Calculating the distribution between a range without an MILP solver?

Question

I am currently using a MILP calculation and I was wondering if anyone can recommend a more mathematically simplistic method of calculating this distribution and arriving at a similar result?

• Qty - 15 shares
• Range - 10-20
• Target average price - <= 16 (Ideally as close as possible)
• Distribution profile - 1, 1, 1, 1, 1, 1, 1, 2, 1, 3, 2 (from 10-20 results in 16 avg)
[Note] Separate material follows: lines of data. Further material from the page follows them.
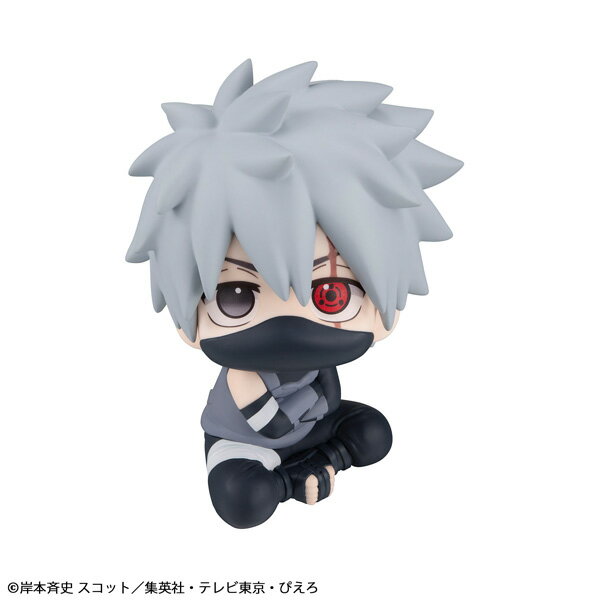 るかっぷ 『NARUTO-ナルトー 疾風伝』 はたけカカシ暗部ver.【再販】 (塗装済み可...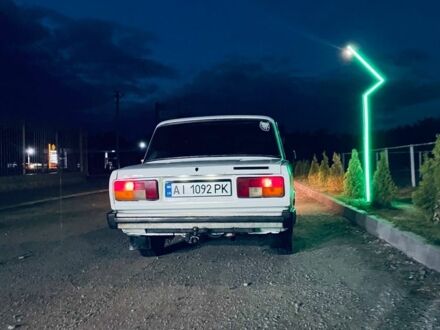 Білий ВАЗ 2105, об'ємом двигуна 1.3 л та пробігом 3 тис. км за 600 $, фото 1 на Automoto.ua
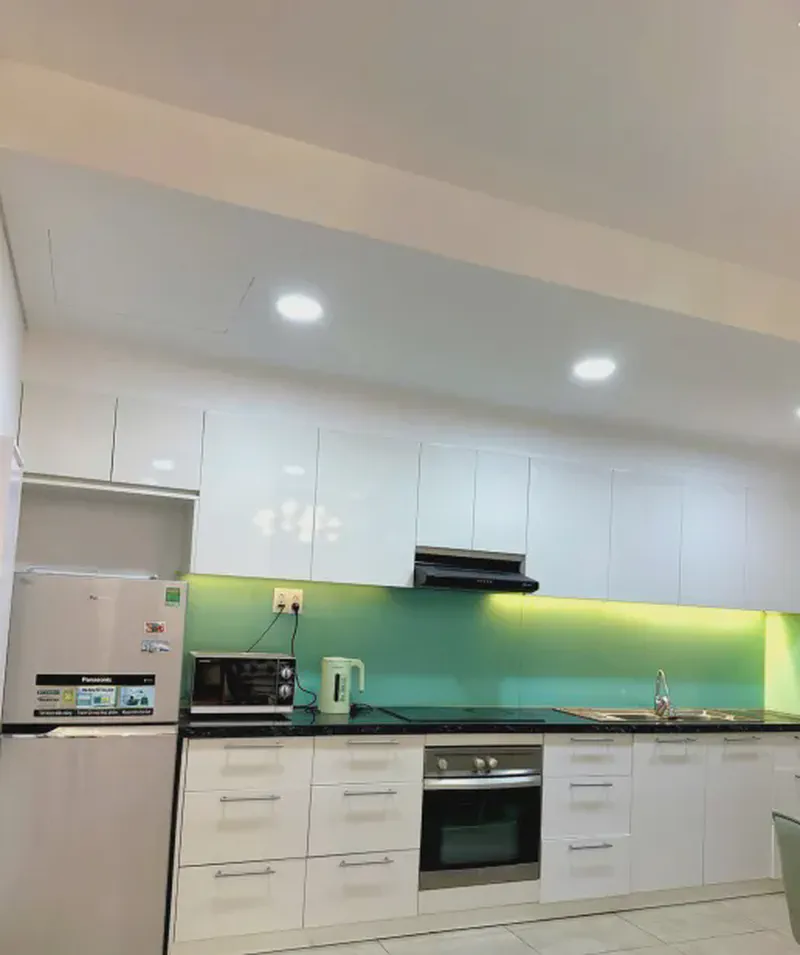 Indochina Riverside River View 1-Bedroom 67m² for rent in Hai Chau, Da Nang — interior (photo 10 of 12)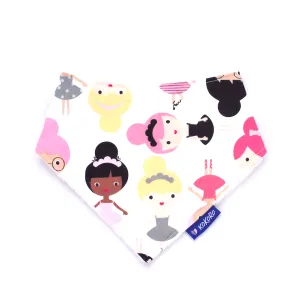 Meet Me At The Barre Bandana Bib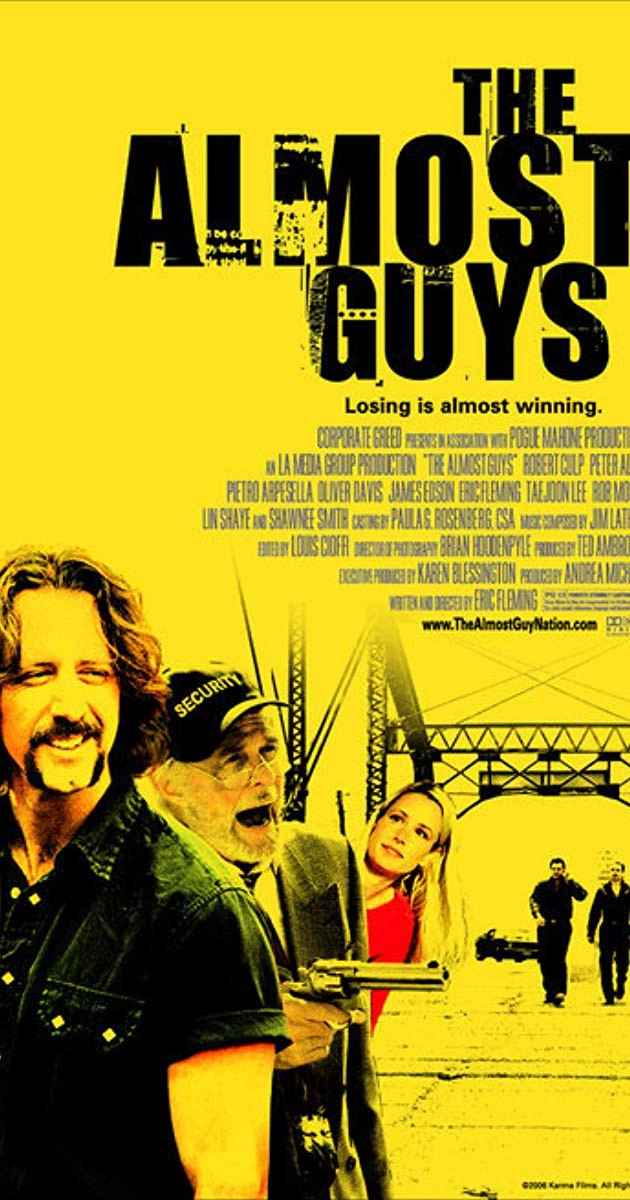 The Almost Guys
The above distribution achieves the desired result, but the nature of MILP calculations means they can be fairly computationally intensive and complex. I just haven't been able to find an alternative method of performing the same calculation and was hoping one of the bright minds here might have a suggestion.

Answer 1

You didn't really state the problem, but this is what I think it is. You have positive integers $A < B$, $C$, $D$, and you want nonnegative integers $x_{A}, \ldots, x_{B}$ so that $\sum_i x_i = C$ and $\sum_i i x_i = D$ (or if that was not possible, you'd like it as close as possible). In your particular case, $A = 10$, $B=20$, $C=15$ and $D = 15 \times 16$.

There is a simple dynamical programming algorithm. For simplicity I'll do it for the case where you want equality, but it's not hard to adapt to the "as close as possible" case.

For $s = A \ldots B$, $t = 0 \ldots C$, $u = 0 \ldots D$ let $V(s,t,u) = 1$ if there exist $x_s, \ldots, x_{B}$ such that $\sum_{i=s}^B x_i = C - t$ and $\sum_{i=S}^B i x_i = D - u$, and $0$ otherwise. Then we have the recurrence

$$V(s,t,u) = \max \left\{ V(s+1, t + x, u + s x) \; :\; x = 0 \ldots \min(C - t, \lfloor (D-u)/s \rfloor)\right\} $$

where $V(B+1,0,0) = 1$ and $V(B+1,t,u) = 0$ otherwise. If $V(A,0,0) = 1$, you can achieve the goal by choosing $x_A$ so $V(A+1,x_1, A x_1) = 1$, then $x_2$ so $V(A+2, x_1 + x_2, A x_1 + (A+1) x_2) = 1$, etc.